Laporan bertajuk Child Sexual Abuse in the Catholic Church: An Interpretive Review of the Literature and Public Inquiry Reports ini terbit di Pusat Penelitian Global di Universitas RMIT itu disusun oleh Des Cahill dan Peter Wilkinson.
Temuan ini mengeksplorasi mengapa gereja Katolik dan para pastor serta fraternya, lebih dari denominasi agama lainnya, telah menjadi identik dengan pelecehan seksual terhadap anak-anak dalam sejarah.
“Saya mengenal beberapa pastor pelaku dan saya belajar dengan mereka dan saya tinggal bersama salah satu dari mereka. Namun saya tidak pernah sadar ketika berada di gereja.

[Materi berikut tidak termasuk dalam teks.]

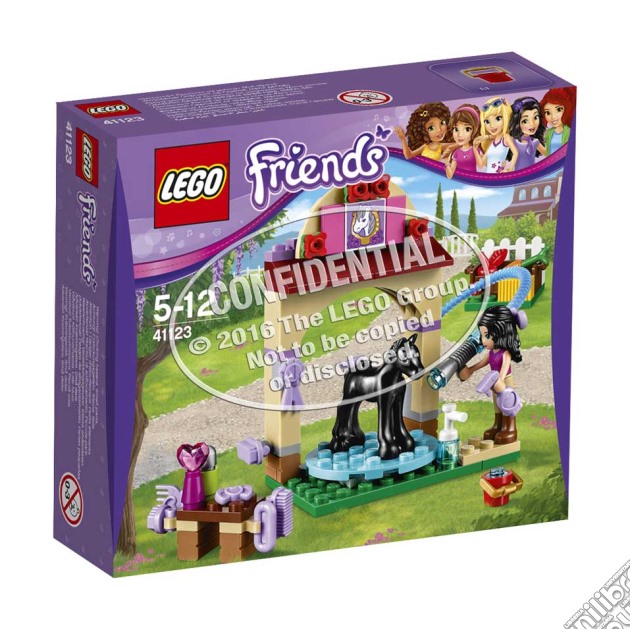 Lego 41123 - Friends - La Stazione Di Lavaggio Del Puledro gioco di Lego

Anda harus mengerti, seorang pelaku pelecehan seksual pastor sangat tertutup dan tidak ingin ketahuan,” kata Cahill, mengutip The Guardian.
Temuann ini dibuat setelah memeriksa laporan dari komisi kerajaan, studi akademis, laporan polisi dan laporan gereja dari seluruh dunia sejak tahun 1985.

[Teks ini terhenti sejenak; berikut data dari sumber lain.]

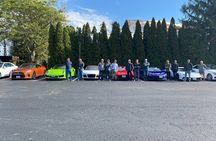 VIP Supercar Experience including Lunch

Di antara temuannya adalah kewajiban hidup membujang menjadi “faktor risiko utama pelecehan seksual terhadap anak” dan para paus serta uskup menciptakan budaya kerahasiaan, yang mengarah pada serangkaian kegagalan besar dalam hal transparansi, akuntabilitas, keterbukaan, dan kepercayaan.
Laporan itu menyatakan bahwa “anak-anak Katolik yang masih muda dan rentan, terutama anak laki-laki, berada dalam bahaya dan berisiko di hadapan para pastor dan biarawan yang tidak matang secara psikoseksual, mengalami keterbelakangan psikoseksual, dan mengalami kekurangan secara seksual, serta mengalami frustasi yang mendalam, terutama mereka yang tidak dapat menyelesaikan identitas seksualnya secara memuaskan.”
“Hal ini terutama terjadi jika para pastor dan religius ini bingung atau menyangkal orientasi homoseksual mereka saat berlatih dan bekerja di lingkungan Gereja yang sangat homofobik,” kata laporan tersebut.